梅先生不久就要上汉口演出了。这汉口的成约还远在一年以前,当地的文艺和戏剧工作同志们在到北京来开会的时候,就一再坚邀他去汉口的。因为那里的观众,已经有十几年不曾看见梅先生的演出了。很盼他能早日成行,一慰观众的渴望。可是梅先生在这一年当中,仆仆京沪道上,抽不出空儿去走一趟。最近又经多方面的敦促,才决定四月十六日带着在京的团员由北京启程前往。有一部分在上海的团员,也同时由上海出发。正赶上中国戏曲研究院成立之初,接着又要赴汉表演,所以近来实在忙得没有一些宽裕的时间,来写本篇的续稿。我们都是在百忙之中,抽出有限的一点工夫,抓着机会就讲几句。他讲完了台上的《葬花》,因此就引起了他从小爱花的回忆,在一个晚上,把他当年养牵牛花的经过谈了一下。
“我从小就爱看花,到了二十二岁,我才开始自己动手培植。每年的秋天,养的是菊花,冬天养梅桩盆景,春天养海棠、芍药和牡丹,夏天养的是牵牛花。

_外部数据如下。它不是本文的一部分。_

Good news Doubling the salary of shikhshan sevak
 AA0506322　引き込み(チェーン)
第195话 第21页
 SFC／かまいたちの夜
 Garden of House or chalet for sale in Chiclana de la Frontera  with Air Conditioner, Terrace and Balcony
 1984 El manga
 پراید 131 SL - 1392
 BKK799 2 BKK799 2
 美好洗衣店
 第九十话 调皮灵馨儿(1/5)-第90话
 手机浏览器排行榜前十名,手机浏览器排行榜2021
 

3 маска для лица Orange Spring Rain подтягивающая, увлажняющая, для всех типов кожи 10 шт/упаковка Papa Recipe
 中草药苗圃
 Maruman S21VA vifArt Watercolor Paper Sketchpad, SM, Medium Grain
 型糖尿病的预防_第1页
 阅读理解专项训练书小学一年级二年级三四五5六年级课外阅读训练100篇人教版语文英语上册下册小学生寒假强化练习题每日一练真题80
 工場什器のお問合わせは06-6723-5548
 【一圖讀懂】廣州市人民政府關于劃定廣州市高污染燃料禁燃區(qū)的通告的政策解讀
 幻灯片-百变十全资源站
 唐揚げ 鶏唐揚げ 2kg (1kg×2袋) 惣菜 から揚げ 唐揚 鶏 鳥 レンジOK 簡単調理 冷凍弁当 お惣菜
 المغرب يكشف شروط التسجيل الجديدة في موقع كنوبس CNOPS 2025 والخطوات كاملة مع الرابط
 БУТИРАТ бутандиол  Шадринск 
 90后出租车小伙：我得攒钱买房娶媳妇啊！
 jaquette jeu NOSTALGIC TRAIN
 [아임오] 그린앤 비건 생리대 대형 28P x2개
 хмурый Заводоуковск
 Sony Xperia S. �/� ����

差不离一年四季里面,我对于栽花播种的工作,倒是‘乐此不疲’地老不闲着的。
“我养过的各种花,最感兴趣的要算牵牛花了。因为这种花不单可供欣赏,而且对我还有莫大的益处。它的俗名叫‘勤娘子’,顾名思义,你就晓得这不是懒惰的人所能养的。第一个条件,先得起早。它是每天一清早就开花,午饭一过就慢慢地要萎谢了。所以起晚了,你是永远看不到好花的。我从喜欢看花进入到亲自养花,也是在我的生活环境有了转变以后,才能如愿以偿的。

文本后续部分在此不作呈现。